2010 Fiscal Year Annual Research Report
生涯学習をベースとした領域融合的な実践科学としての「文化工学」の創成
Project/Area Number |
22653098
|
Research Institution | The University of Tokyo |
Principal Investigator |
牧野 篤 東京大学, 大学院・教育学研究科, 教授 (20252207)
|
Keywords | 生涯学習 / まちづくり / 日常性 / 文化 / 地域活性化 / 実践志向 |
Research Abstract |
本研究の目的は、地方における人的・文化的資源を中心にその地域の特色を生かしたまちづくりを中長期的に支える研究プログラムを、生涯学習をベースとして確立し、その方法論を構築するとともに、新たな研究領域を立ち上げることにある。
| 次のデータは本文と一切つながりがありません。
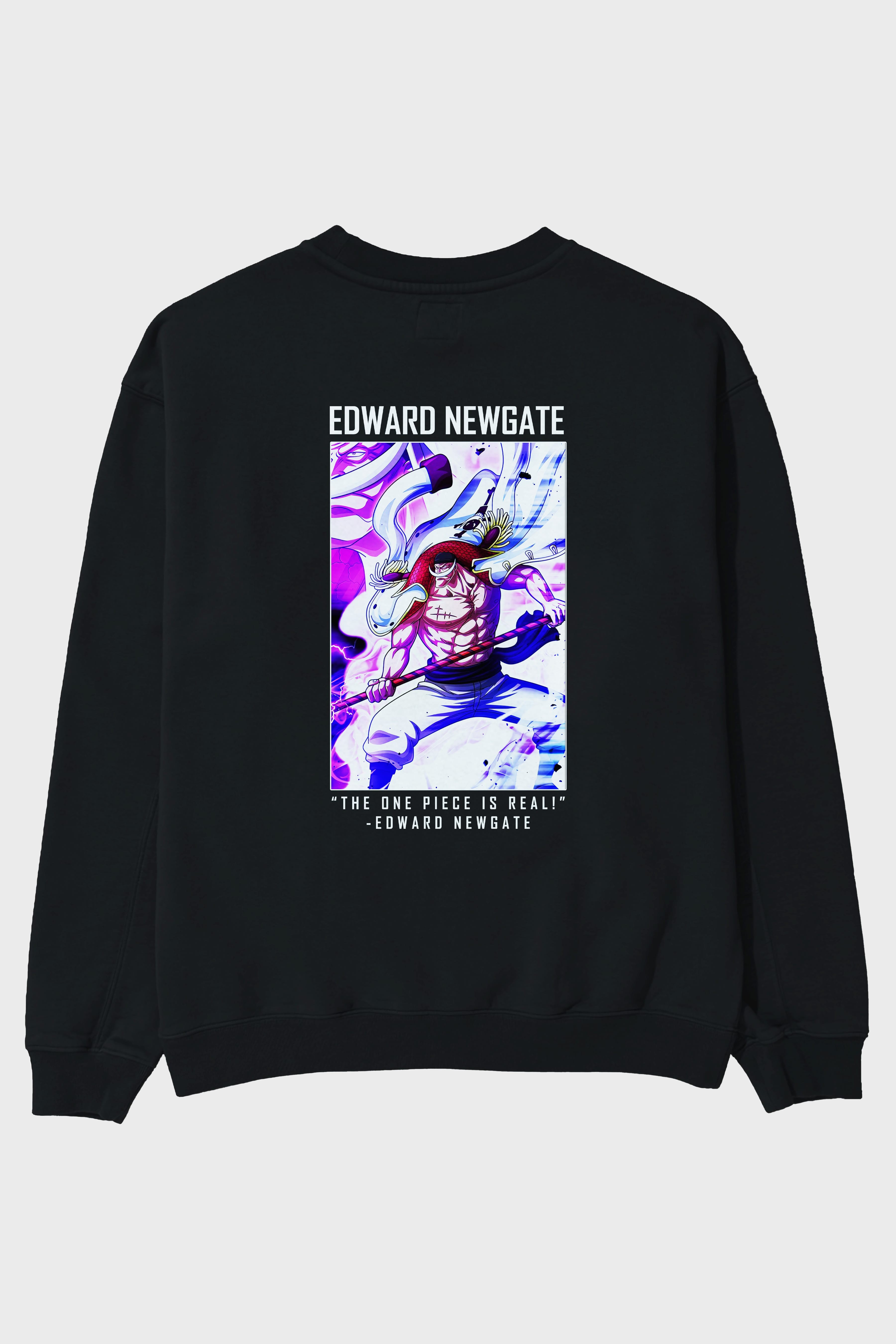 Edward Newgate Arka Baskılı Anime Oversize Sweatshirt Erkek Kadın Unisex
初年度、本研究では、長野県飯田市、長野県阿智村、愛知県豊田市、千葉県柏市を主たる研究対象として、それぞれのまちづくりの論理を参与観察を通して析出し、そこから実際に研究者と地元住民との協働による介入的な手法を通したまちづくりのプログラムを実施することが目指された。 この過程で、以下の点が明らかとなった。1.これまでのまちづくりの論理では、それがたとえ文化的な側面に注目し、文化資源を活用した地域の活性化を志向していようとも、「活性化」そのものが量的な拡大を志向する経済的な価値の枠組みと結びついており、この枠組みの中で「活性化」を評価しようとする、いわば固定的な性格を強く持ったものであること。2.従来の経済活性化を基調とするまちづくりの論理も文化資源に着目した町づくりの論理も、どちらもが「分配」を基本的なアプローチの枠組みとしていること。3.それ故に、このアプローチによって語られる地域の活性化とは、すでに確立した地域住民の活動(たとえば経済的なまちおこし)であり、多様で動的な地域社会の動きをとらえる事ができなくなっていること。4.問われなければならないのは、「分配」の論理によるまちづくりを乗り越える地域の動的な論理つまり「生成」と「循環」の論理を析出することであり、研究者自身が地域のアクターとともに日常性における文化的側面を重視した実践志向型のまちづくりの論理を構築すること。 第1年度は、上記対象地域において研究者自身が住民とともに実践を進めたが、上記第4の論理を析出するために研究計画の見直しが必要となり、具体的なプログラム構築は第2年度に持ち越された。